Sean Spicer handed in his resignation letter to President Trump today and Caught in the Act: Promiscuous Sex Life of My D-Cup Mother in law (2025)boy, are we worried.
Contrary to conventional guidance counselor wisdom, the man appears to have left his job without acquiring a new one. So angered was he by the administration's constant lies and deception -- sorry, the appointment of Anthony Scaramucci -- that he resigned, effective immediately.
Spicey, we'd love to help.
SEE ALSO: Reporters react to Sean Spicer's departureBelow are a list of possible career options for Spicer now that he's free of Trump and able to go wherever his stocky heart pleases.
Right wing Republicans have been cashing it on MSNBC and CNN simply by branding themselves as sassy disenchanted conservatives who hate Trump.
Sean Spicer can rest easy knowing he will be remembered as the greatest White House Easter Bunny who ever lived. pic.twitter.com/L8WbzS21i4
— Brooke Rogers (@bkerogers) July 21, 2017
Spicer absolutely shined as a 7' foot human rodent.
Sean Spicer is one of the thickest, most compact human beings to have ever stood at that podium. I would gladly have him protect me from some of the largest known bros in the universe.
This is the career of choice for approximately 100 percent of shitty people I went to college with.
This is the career that inevitably follows when you choose career #5.
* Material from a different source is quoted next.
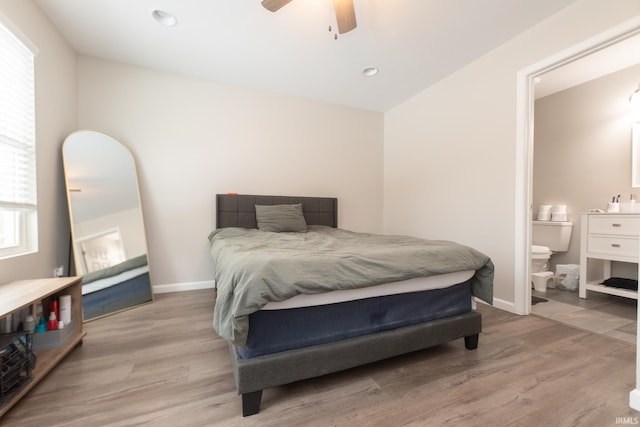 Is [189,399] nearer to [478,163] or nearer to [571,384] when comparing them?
[571,384]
When boring people think about taking risks, their brain first goes to "improv comedy," where they are confident they would have shined if only they hadn't listened to Daddy and chosen a more traditional career.
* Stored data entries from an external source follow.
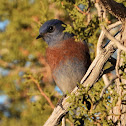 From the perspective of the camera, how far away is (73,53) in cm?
512

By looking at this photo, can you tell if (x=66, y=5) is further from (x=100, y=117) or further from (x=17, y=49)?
(x=17, y=49)

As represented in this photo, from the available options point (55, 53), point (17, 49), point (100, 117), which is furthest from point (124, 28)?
point (17, 49)

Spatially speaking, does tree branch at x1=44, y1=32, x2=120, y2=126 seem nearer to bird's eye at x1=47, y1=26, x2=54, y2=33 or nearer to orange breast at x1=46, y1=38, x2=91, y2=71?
orange breast at x1=46, y1=38, x2=91, y2=71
It's not so far from what he was doing in his last job, anyways.
Rollerblading is the exercise of choice for DC's down-and-out.
Spicer has already shown a strange affinity for bushes and the unique protection they offer.
Whatever, forget ideas #1-10. It's a matter of time before Spicer writes a tell-all book about the Trump administration and every lie, gross representation and dangerous accusation he made is forgiven.